Tales from a Scenic Artist and Scholar. Part 189 – Thomas G. Moses and Edward A. Morange

Part 189: Thomas G. Moses with Edward A. Morange

The final artist that accompanied Thomas G. Moses, John H. Young and Hardesty Maratta on their sketching trips in 1883 was Edward A. Morange. At the time, Morange was working as the scenic artist for the Grand Opera House in Chicago. He would later work as a scenic artist for the Academy of Music and New National Theatre in Washington D. C., as well as, the National Theatre in Baltimore, Maryland, prior to establishing the studio Gates & Morange.

Born in Cold Springs, New York during 1865, Morange was trained at the Art Institute of Chicago and the Corcoran School of Fine Arts in Washington. D.C. His early leanings and ambitions toward architecture and civil engineering were set aside for a career in scenic art and design. Fortunately, he had an opportunity to secure a position in a scenic studio and later with the Grand Opera House in Chicago. The pictorial appeal of scenic art called to him and he remained with this theatrical profession.

However, his involvement in the performing arts would not solely focus on scenery production. In 1914 Edward A. Morange was be listed as the Director for a silent movie, “The Great Diamond Robbery, “ a six-reel film was assembled by the Playgoer’s Film Company of New York City. Wallace Eddinger starred as detective Dick Brummage in a case involving a Brazilian adventurous (Gail Kane) and the theft of the fabulous Romanoff diamonds. When Detective Brummage proved Kane’s guilt, she took poison. The film was based on the play by Edward M. Alfriend and A. C. Wheeler.

Article about “The Great Diamond Robbery” that Edward A. Morange directed in 1914. Published in the New York Tribune, March 20, 1914. Morange was an artist who worked in the scenic studio and went on sketching trips with Thomas G. Moses.

On March 20, 1914, the New York Tribune published, “At last a theatrical manager has put on a legitimate drama, with a cast composed entirely of screen novices, but stage veterans. The resulting motion picture more than justifies the effort…’The Great Diamond Robbery’ is a melodrama which was produced in New York about twenty years ago, when it ran for about a year in the American Theatre. It is adorned with regular melodrama features, such as a beautiful villainess, a working girl heroine and gallant detective, who foils assorted criminals and marries the working girl. But the story is nevertheless one that holds attention.”

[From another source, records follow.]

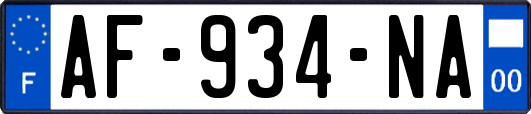 AF-934-NA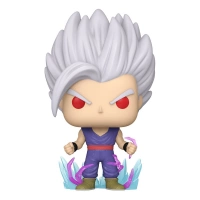 Dragon Ball Super POP! Gohan Beast mode 9cm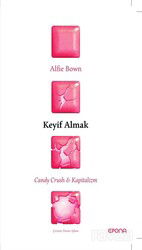 Keyif Almak - Epona Kitap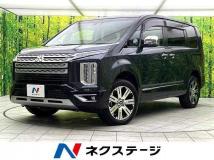 2024 Mitsubishi Delica D5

Article about “The Great Diamond Robbery” that Edward A. Morange directed in 1914. Published in the New York Tribune, March 20, 1914.

Morange had an extremely interesting life, but little is available in terms of his family and private affairs. He married in the 1890s and had two children, Julia and Leonard. Only five years after the debut of his movie, Morange would lose his son, Leonard Sowersby Morange, to the war. A WWI aviator, Leonard would be the first Bronxville resident who died during WWI. Leonard was noted as an expert piano player who could hear a song once and repeat it. His obituary noted that Leonard was inspired by Jerome Kern, a fellow Bronxville resident and longtime friend of his father Edward A, Morange. It is recorded that Kern wrote “Smoke Gets in Your Eyes” in the Morange home and had hoped that Leonard would return home from the war and possibly join him in musical venues. This interesting fact was recently reprinted in the “Journal Sentinel” on May 24, 2014 (“RAF pilot was 1st Bronxville resident killed in WWI.” May 24, 2014).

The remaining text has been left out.